When an initial job opportunity is discussed but then you get radio silence, don’t go back for more and launch a new round of attempting to impress them. That’s what I did – I thought if I pushed a little harder on their door, it might open. Which it finally did, only to realise later there was a good reason why I should have left it closed in the first place, and walked away.
If these prospective new employers rarely follow through and are unpredictable in how they communicate, then pay attention. This is not a case of cultural differences, it’s a sign of how they do business. Then imagine what that would be like once you’re on the inside, dealing with them every day. If you have decades of experience under your belt, you know the absolute fundamentals you expect from a boss and a workplace. And if your potential new boss’s response to everything is, ‘I’m busy, put it in an email’, keep moving.
Never assume just because you have done a job in one place, it will be the same in another. I discovered an Australian uni teaching schedule was a world away from Thailand when I was requested to complete unpaid preparation work before I had started (I refused), and then discovered their schedule offered twice the number of classes than expected. They wanted bang for their buck – and then some. Asking detailed questions and checking current schedule early would have revealed all I needed to know.
Pick up a highlighter while reading the contract, and mark ALL the fine print that concerns you. Who is paying for the flights? What is the standard of accommodation on offer and are pics available? Who pays for equipment shipping, etc?

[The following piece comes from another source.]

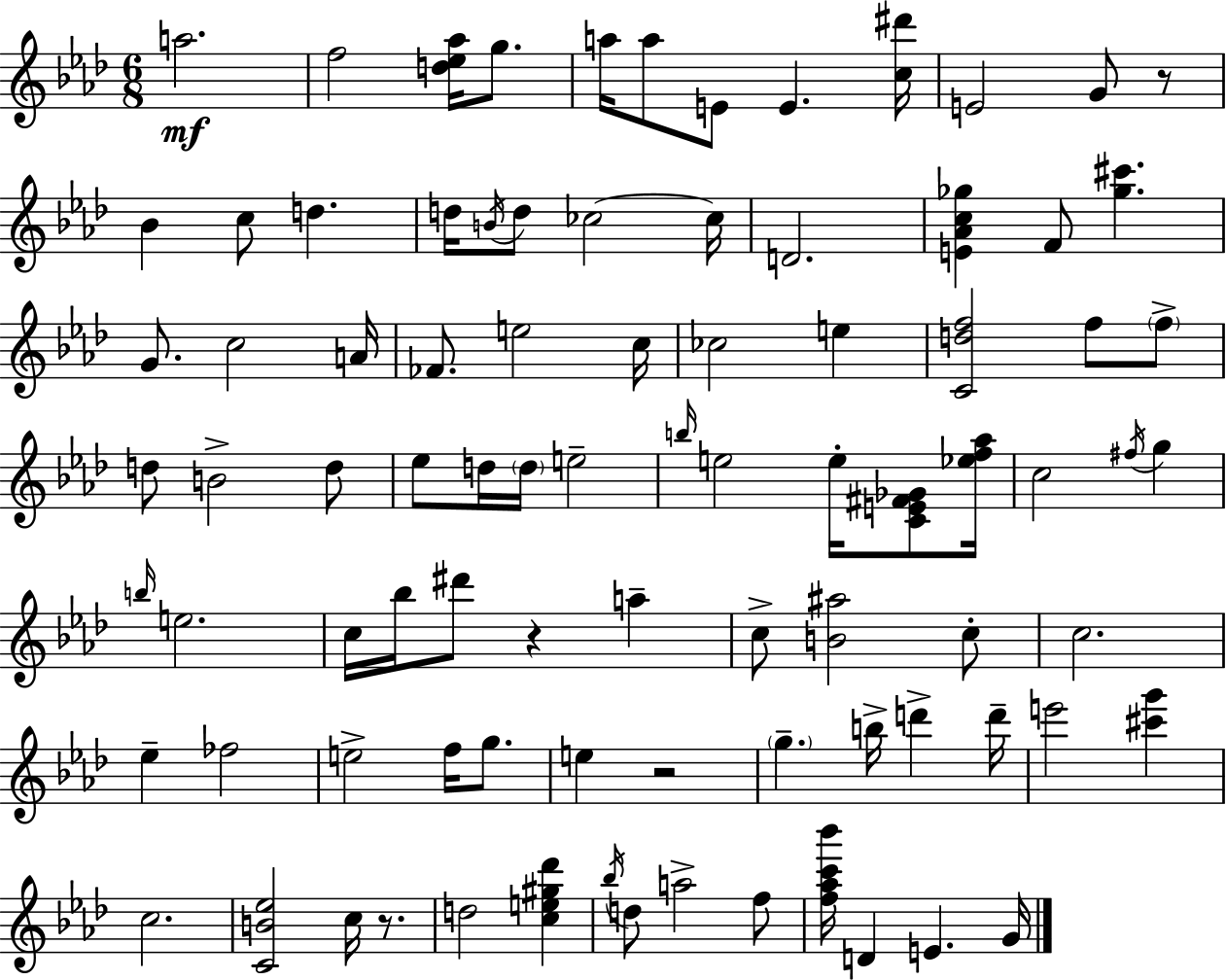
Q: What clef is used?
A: treble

The cost of this adventure might run into the thousands, of which you carry the expenses. And if it all goes wrong and you find yourself without a job, what then? If everything seems skewed in their favour, then don’t sign over your valuable expertise.
Make the adage, “expect the best but prepare for the worst” your mantra. So, you MUST ask tough questions well beforehand, rather than being concerned about offending them – as I was warned not to do. What happens if you get sick or if doesn’t work out – what then? Once you get your response, have all that included in an amendment contract. You’re moving countries – this is no time for dancing around cultural sensibilities.
A new job overseas sounds all very exciting, but what excites you more – the job or the adventure of working in a foreign land? If it is the latter, do not sign that contract. This requires far more commitment and life changes than you can imagine. If the destination thrills you more than the job, keep looking for another gig that will thrill you equally, or instead book a long holiday and get that city out of your system.
I know, I know, so much of this now reads like basic, common sense, but how easily that was so overshadowed by the excitement of a career opportunity offering new prospects. Look beyond the excitement and remember the sage words of Arthur Miller, “Attention must be paid”. In 2017, I’m paying attention, now more than ever.
Have you ever taken up an overseas job? What’s the biggest lesson you learnt?